WHAT TO WORK ON:
Your answer must be the full listing below, repeated exactly, with no pictures in it.

DATA SECTION:
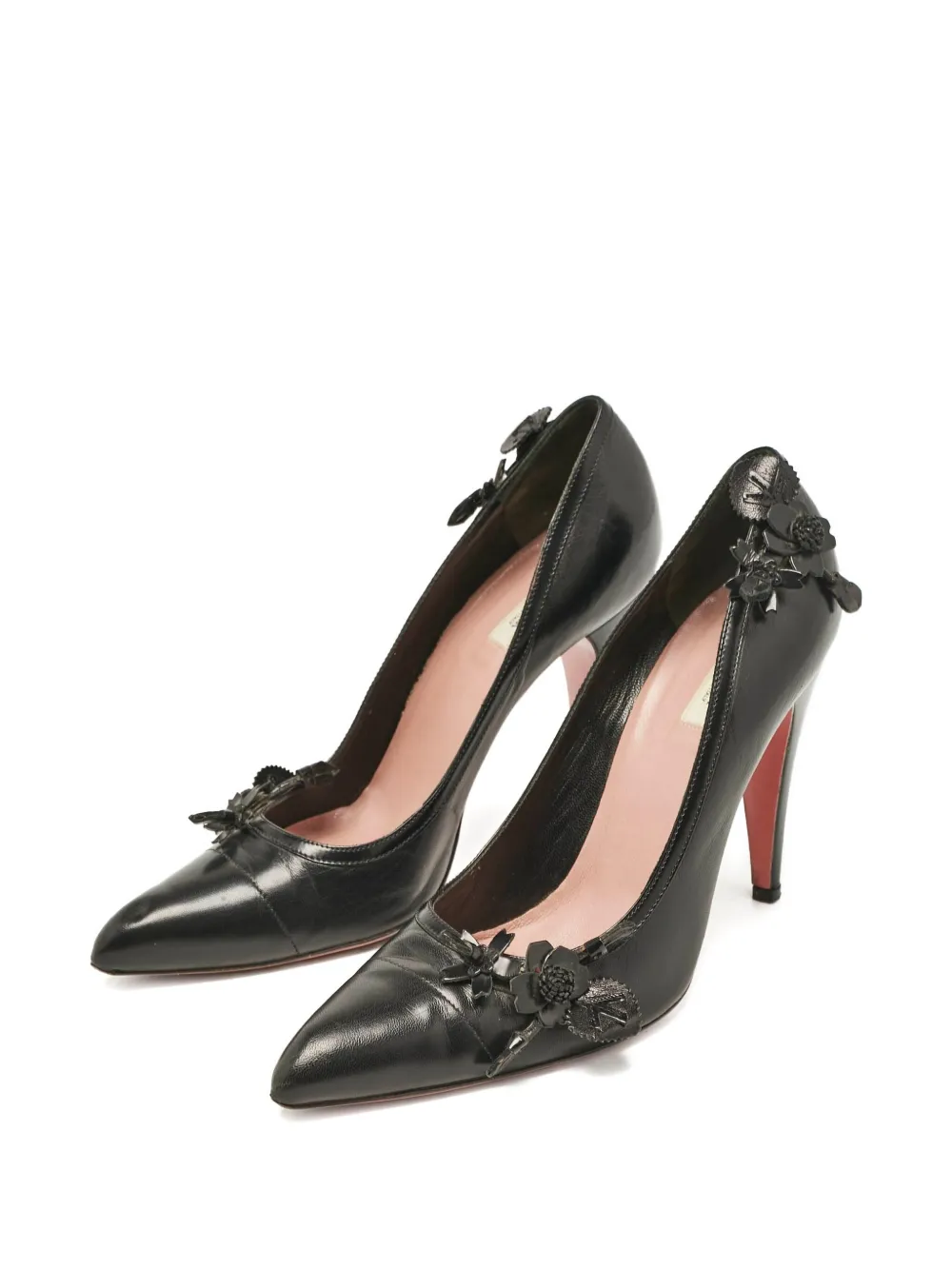 Prada Pre-Owned Leren pumps met bloemdetail - Zwart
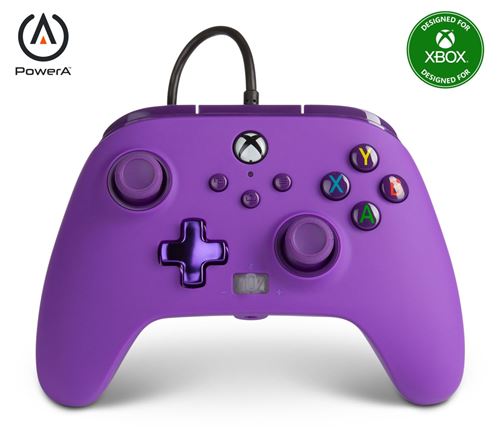 Manette filaire améliorée PowerA pour Xbox Série X Violet Royal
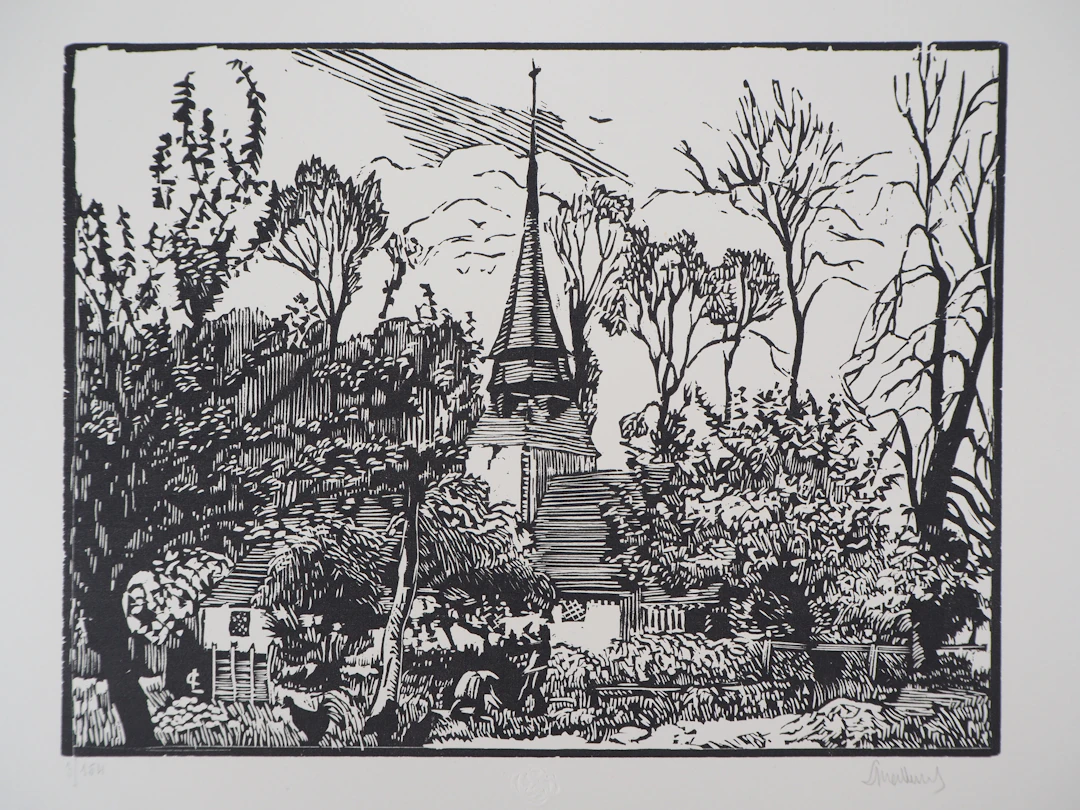 Georges LE MEILLEUR : Au moulin Dabin à la fonte-laye - Bois gravé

SOLUTION BELOW:
 Prada Pre-Owned Leren pumps met bloemdetail - Zwart
 Manette filaire améliorée PowerA pour Xbox Série X Violet Royal
 Georges LE MEILLEUR : Au moulin Dabin à la fonte-laye - Bois gravé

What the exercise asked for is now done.